BEGIN

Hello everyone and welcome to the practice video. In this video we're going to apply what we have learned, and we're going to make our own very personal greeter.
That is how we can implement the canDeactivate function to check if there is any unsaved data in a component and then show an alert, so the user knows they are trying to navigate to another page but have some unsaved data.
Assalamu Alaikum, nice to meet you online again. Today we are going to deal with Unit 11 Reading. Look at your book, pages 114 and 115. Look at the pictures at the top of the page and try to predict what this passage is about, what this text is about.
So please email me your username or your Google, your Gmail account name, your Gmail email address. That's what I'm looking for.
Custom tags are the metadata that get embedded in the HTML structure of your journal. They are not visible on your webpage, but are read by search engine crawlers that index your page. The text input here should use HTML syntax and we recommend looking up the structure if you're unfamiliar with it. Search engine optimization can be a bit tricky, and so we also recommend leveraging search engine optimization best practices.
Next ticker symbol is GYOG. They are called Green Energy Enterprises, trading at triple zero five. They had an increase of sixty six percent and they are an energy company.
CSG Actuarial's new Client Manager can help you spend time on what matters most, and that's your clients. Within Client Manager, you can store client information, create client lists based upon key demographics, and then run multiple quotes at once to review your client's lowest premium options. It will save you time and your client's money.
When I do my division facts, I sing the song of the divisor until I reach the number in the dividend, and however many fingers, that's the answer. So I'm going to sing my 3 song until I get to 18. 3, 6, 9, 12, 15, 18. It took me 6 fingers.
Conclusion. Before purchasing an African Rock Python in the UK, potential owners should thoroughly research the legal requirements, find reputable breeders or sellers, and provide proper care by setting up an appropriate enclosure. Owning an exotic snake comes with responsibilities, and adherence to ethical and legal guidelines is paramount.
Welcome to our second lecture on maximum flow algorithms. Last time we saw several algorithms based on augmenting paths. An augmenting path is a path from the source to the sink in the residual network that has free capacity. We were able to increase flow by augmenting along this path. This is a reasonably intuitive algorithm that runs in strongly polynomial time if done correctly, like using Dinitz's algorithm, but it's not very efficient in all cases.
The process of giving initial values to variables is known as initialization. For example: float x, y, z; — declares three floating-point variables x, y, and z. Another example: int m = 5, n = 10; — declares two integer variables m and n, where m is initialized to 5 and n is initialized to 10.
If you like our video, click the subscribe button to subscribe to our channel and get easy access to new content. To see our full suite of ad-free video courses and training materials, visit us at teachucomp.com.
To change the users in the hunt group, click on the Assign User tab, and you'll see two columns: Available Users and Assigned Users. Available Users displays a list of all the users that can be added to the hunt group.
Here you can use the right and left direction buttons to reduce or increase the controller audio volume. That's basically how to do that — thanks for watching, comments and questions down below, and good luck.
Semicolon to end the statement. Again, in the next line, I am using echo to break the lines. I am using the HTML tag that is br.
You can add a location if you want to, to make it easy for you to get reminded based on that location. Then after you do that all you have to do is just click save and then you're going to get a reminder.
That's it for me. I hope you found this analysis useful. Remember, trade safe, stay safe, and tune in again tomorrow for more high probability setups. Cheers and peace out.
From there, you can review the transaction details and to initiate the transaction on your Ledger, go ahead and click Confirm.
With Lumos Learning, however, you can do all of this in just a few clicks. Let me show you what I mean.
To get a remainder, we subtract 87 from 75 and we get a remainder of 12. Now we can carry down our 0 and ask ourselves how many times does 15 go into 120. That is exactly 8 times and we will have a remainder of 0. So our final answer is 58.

END

Task brief:
An exact, complete copy of the lines above from the one with "To change the" through the one with "You can add" is the whole answer.

Written reply:
To change the users in the hunt group, click on the Assign User tab, and you'll see two columns: Available Users and Assigned Users. Available Users displays a list of all the users that can be added to the hunt group.
Here you can use the right and left direction buttons to reduce or increase the controller audio volume. That's basically how to do that — thanks for watching, comments and questions down below, and good luck.
Semicolon to end the statement. Again, in the next line, I am using echo to break the lines. I am using the HTML tag that is br.
You can add a location if you want to, to make it easy for you to get reminded based on that location. Then after you do that all you have to do is just click save and then you're going to get a reminder.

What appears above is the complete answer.